The lithology cube was built using the determined algorithms and computed via neural networks, considering previously obtained seismic interpretation data. It was found that the predictive porosity cube has high resolution – significantly higher than that of seismic cubes. The boundary porosity values obtained from petrophysical studies were used to delineate reservoir boundaries. In parallel, simultaneous inversion was performed in the Jason software package, and a probabilistic approach was applied to substantiate and delineate the “reservoir – non-reservoir” boundaries. To address this task, the FFP algorithm was used (Fig.7).

Fig.6. Well data quality control

Fig.7. Data processing circuit (CGG) using the interactive FFP tool

It should be noted that a drawback of using neural networks for targets defined by empirical data is the complexity of algorithms for selecting the network structure and the dimensionality of the target function’s variable vector. Therefore, in the Emerge module, the developed algorithm for building a neural network model is based on cluster computing and counting the multiplicative and additive operations performed for sequential and parallel training algorithms, along with an assessment of their efficiency.
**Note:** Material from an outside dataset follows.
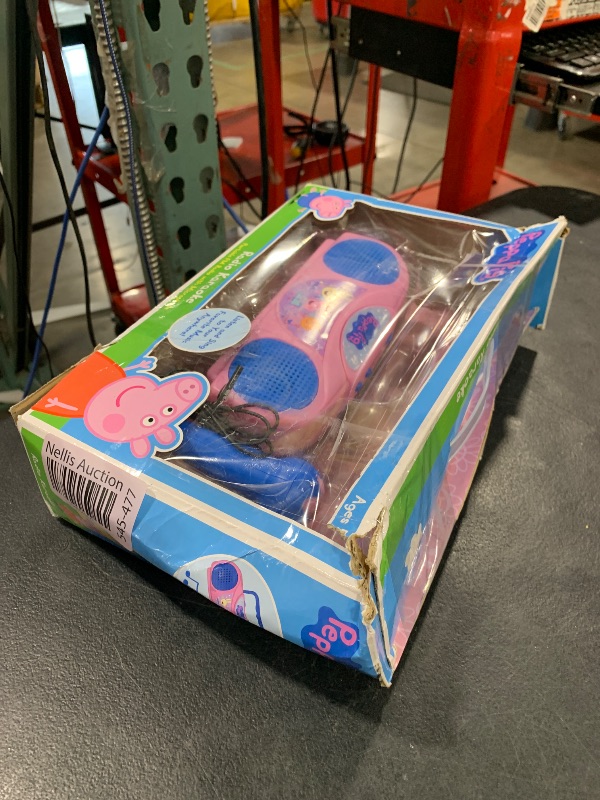 Photo 1 of Sakar Peppa Pig Kids Karaoke Machine with Radio KO1-03371 Compatible with iPod and MP3 Player, AM FM Portable Radio, Includes Corded Microphone for Kids, Durable Handle, Red/Blue Design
The obtained prediction should be considered only at a qualitative level, since in the elastic parameter field there is a weakly expressed separation by “reservoir – non-reservoir” types, and oil-saturated reservoirs are not distinguished from water-saturated ones. Another limitation of this method is the presence of interbedded zones (thin clay interlayers): due to the discrete seismic record, such zones cannot be reliably identified. Additionally, because of the low well density at the field, the data sample is limited. From the cube representing the most probable “reservoir” type, reservoir time thickness maps are compiled. Layers with increased thickness in the AcI section appear as zones of reduced acoustic impedance. Conversely, zones with high impedance values correspond to lower effective thickness values.

Conclusion

Today, geological exploration remains a stage that requires substantial capital investment and entails serious investment risks for oil companies. This is because simple interpolation of geological, production, and geophysical data leads to oversimplified trap modelling and may result in errors both during geological exploration and in the development of hydrocarbon accumulations.
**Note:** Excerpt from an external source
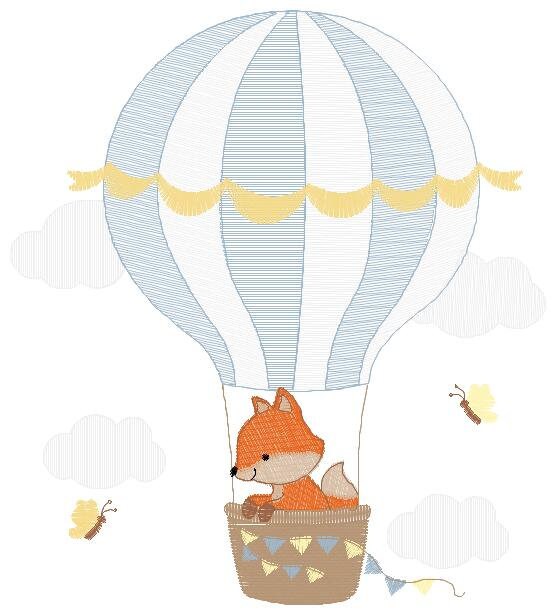 Fox embroidery designs - Hot air balloon embroidery design machine embroidery pattern - Animal embroidery file - woodland animals download
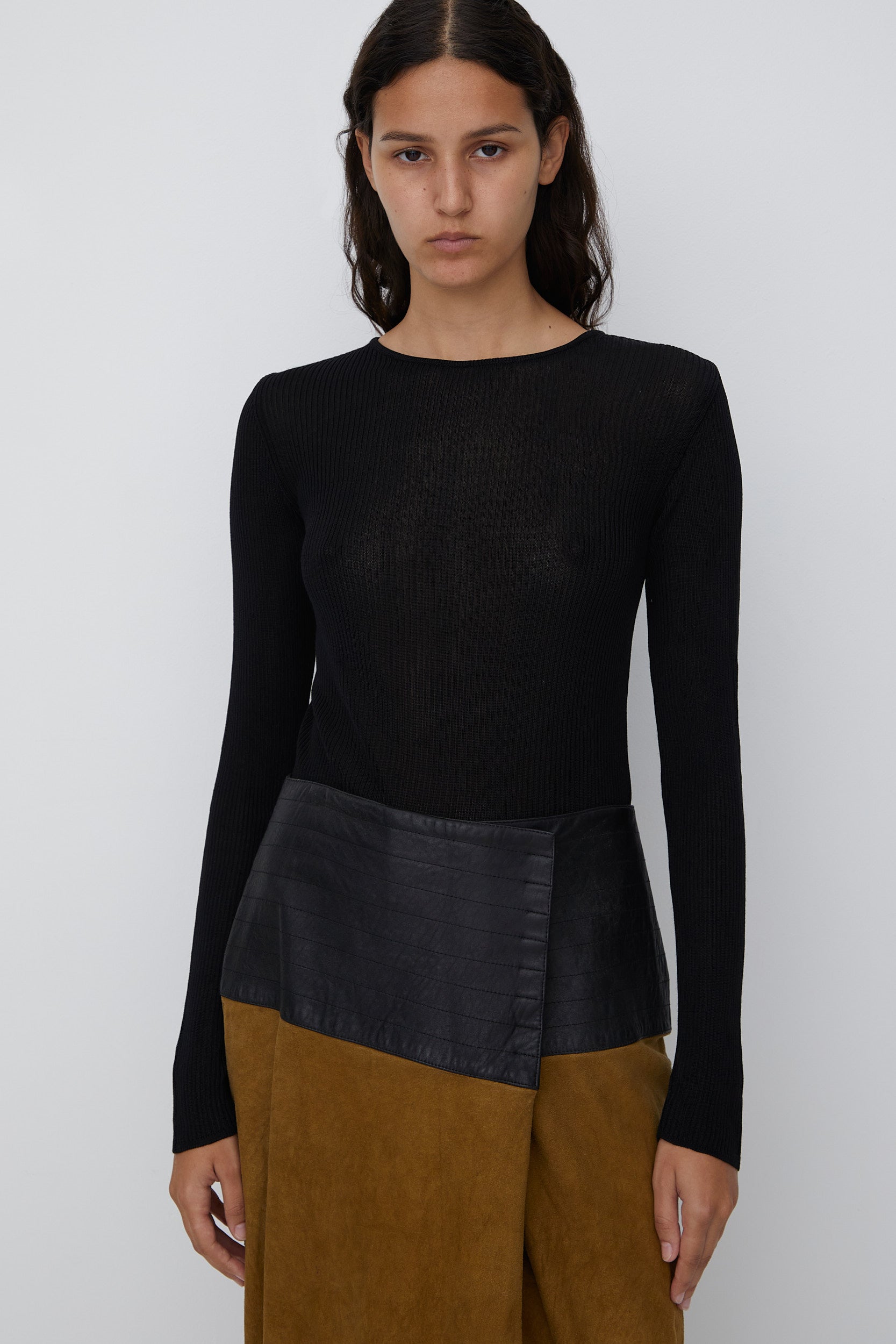 LEATHER AND SUEDE SKIRT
Based on the results of the work performed, a three-stage algorithm is proposed: Stage I – application of probabilistic stochastic distribution of petrophysical parameters in space; Stage II – predicting the porosity parameter using AVO analysis – considering the Aki – Richards and Shuey approximations and incorporating Poisson’s ratio into the data processing algorithm. This enabled training neural networks to predict reservoirs. Additionally, by means of simultaneous inversion of seismic data (using the Fluid Factor saturation parameter), areas of water, oil, and gas saturation were substantiated; Stage III – data processing and comparison of well logging parameters with petro-elastic modelling results.

Data processing was carried out for Vp/Vs, P-impedance, and a seismic cube after depth migration, along with a comparison of well logging parameters with petro‑elastic modelling results. To apply neural networks, a multiattribute analysis was performed (using data from four wells) with a selection of six attributes: AcI value; AcI value at the Vp/Vs ratio; porosity determined from core data; porosity determined from petro-elastic modelling data; porosity determined from combined core and well logging data; porosity determined from combined petro-elastic modelling and well logging data. Quantitative criteria were determined based on average deviation plots.

The results of the studies presented are not final. For further work, it is planned to define clear data processing stages, considering new parameters obtained from newly drilled wells. The algorithm will be repeated, with the previously studied wells treated as non-participating in the training and neural network prediction. The correlation coefficient will be computed for the newly selected dependencies based on the results obtained at each stage.